The sparse part of the computation uses a lightly adapted version of TVM’s csrmm_default (found in python/tvm/topi/sparse/csrmm.py). I’ve made a reproducibile example of OpenCL code being generated for sparse matrix multiplication in TVM available as this gist.

When I combine this sparse GEMM computation in a larger Topi Op for GEMM Convolution (featuring im2col, padding), it works for LLVM. However, when I try to generate OpenCL code for it, I get an error:


  Did you forget to bind?
    Variable `out` is directly accessed by host memory (it is not contained in a thread environment or in the function arguments.
    Variable `out` is directly accessed by host memory (it is not contained in a thread environment or in the function arguments.
    Variable `placeholder` is directly accessed by host memory (it is not contained in a thread environment or in the function arguments.
    Variable `placeholder` is directly accessed by host memory (it is not contained in a thread environment or in the function arguments.
    Variable `placeholder` is directly accessed by host memory (it is not contained in a thread environment or in the function arguments.
    Variable `placeholder` is directly accessed by host memory (it is not contained in a thread environment or in the function arguments.
    Variable `placeholder` is directly accessed by host memory (it is not contained in a thread environment or in the function arguments.
    Variable `placeholder` is directly accessed by host memory (it is not contained in a thread environment or in the function arguments.
    Variable `out` is directly accessed by host memory (it is not contained in a thread environment or in the function arguments.
    Variable `placeholder` is directly accessed by host memory (it is not contained in a thread environment or in the function arguments.
  File "../src/tir/analysis/verify_memory.cc", line 202
RuntimeError: Memory verification failed with the following errors:
PrimFunc([placeholder, placeholder, placeholder, placeholder, out]) attrs={"global_symbol": "fused_nn_conv2d_sparse", "tir.noalias": (bool)1, "target": opencl -keys=mali,opencl,gpu -device=mali -max_num_threads=256 -model=unknown} {
  // attr [data_im2col] storage_scope = "global"
  allocate data_im2col[float32 * 10368]
  for (k, 0, 128) {
    for (m, 0, 81) {
      data_im2col[((k*81) + m)] = placeholder[(((((floordiv(k, 16)*64) + (floordiv(m, 9)*8)) + (floordiv(floormod(k, 16), 4)*8)) + floormod(m, 9)) + floormod(k, 4))]
    }
  }
  // attr [0] extern_scope = 0
  parallel (row, 0, 8) {
    // attr [dot] storage_scope = "local"
    allocate dot[float32x81 * 1]
    out[ramp((row*81), 1, 81)] = x81(0f)
    dot[ramp(0, 1, 81)] = x81(0f)
    for (idx, 0, (placeholder[(row + 1)] - placeholder[row])) {
      dot[ramp(0, 1, 81)] = (dot[ramp(0, 1, 81)] + (x81(placeholder[(placeholder[row] + idx)])*data_im2col[ramp((placeholder[(placeholder[row] + idx)]*81), 1, 81)]))
    }
    out[ramp((row*81), 1, 81)] = (out[ramp((row*81), 1, 81)] + dot[ramp(0, 1, 81)])
  }
}

Other folk have had similar issues, (e.g this issue here). @vinx13 suggested binding the axis with a schedule.

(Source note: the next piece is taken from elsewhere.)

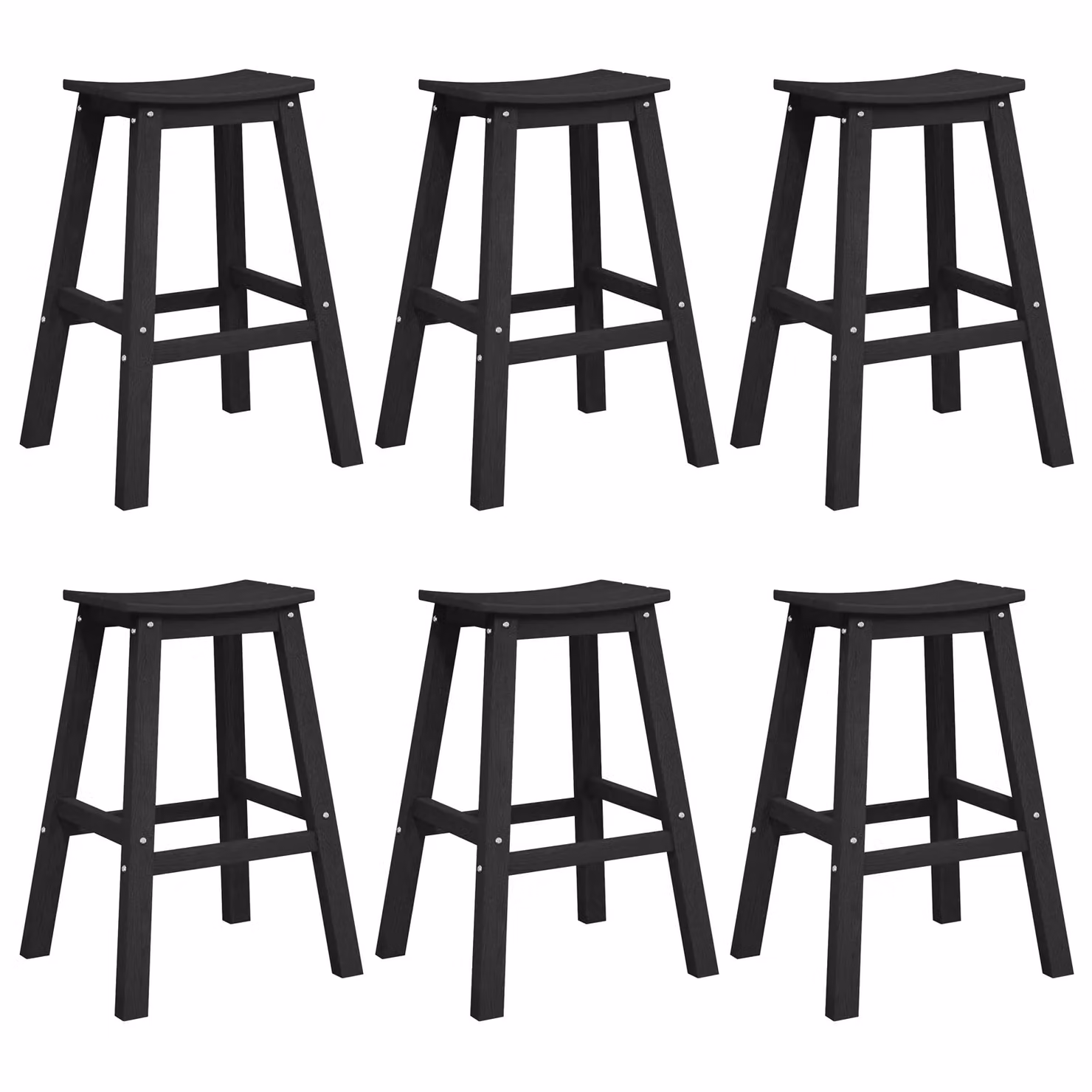 Berkfield Home Set of 9 Modern Black HDPE Bar Stools – 2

However, since this operation uses the tir.ir_builder system, rather than the standard TVM Relay operation building, writing a schedule (e.g. by getting our loop axes with s[last].op.axis) fails with:

AttributeError: <class 'tvm.te.tensor.ExternOp'> has no attribute axis

This above issue is described in an earlier question, to which @tqchen said “extern op cannot be scheduled because we get no control over the internal implementation of the op.”.

However, since this uses TVM, is there a way to schedule these ir_builder operations?

I’ve looked through @ziheng’s RFC on the matter, and am still not sure. Is making a schedule that binds an axis even the right way to fix this OpenCL codegen issue?

I don’t think we can bind schedule these operations. One workaround is to use thread axis in the ir builder directly (make a copy of the cpu version and modify it), see example here https://github.com/apache/tvm/blob/main/python/tvm/topi/cuda/nms.py

Thanks, this is a really useful workaround!

I’ve added an initial binding, and it’s made all but one of my bidning errors disappear.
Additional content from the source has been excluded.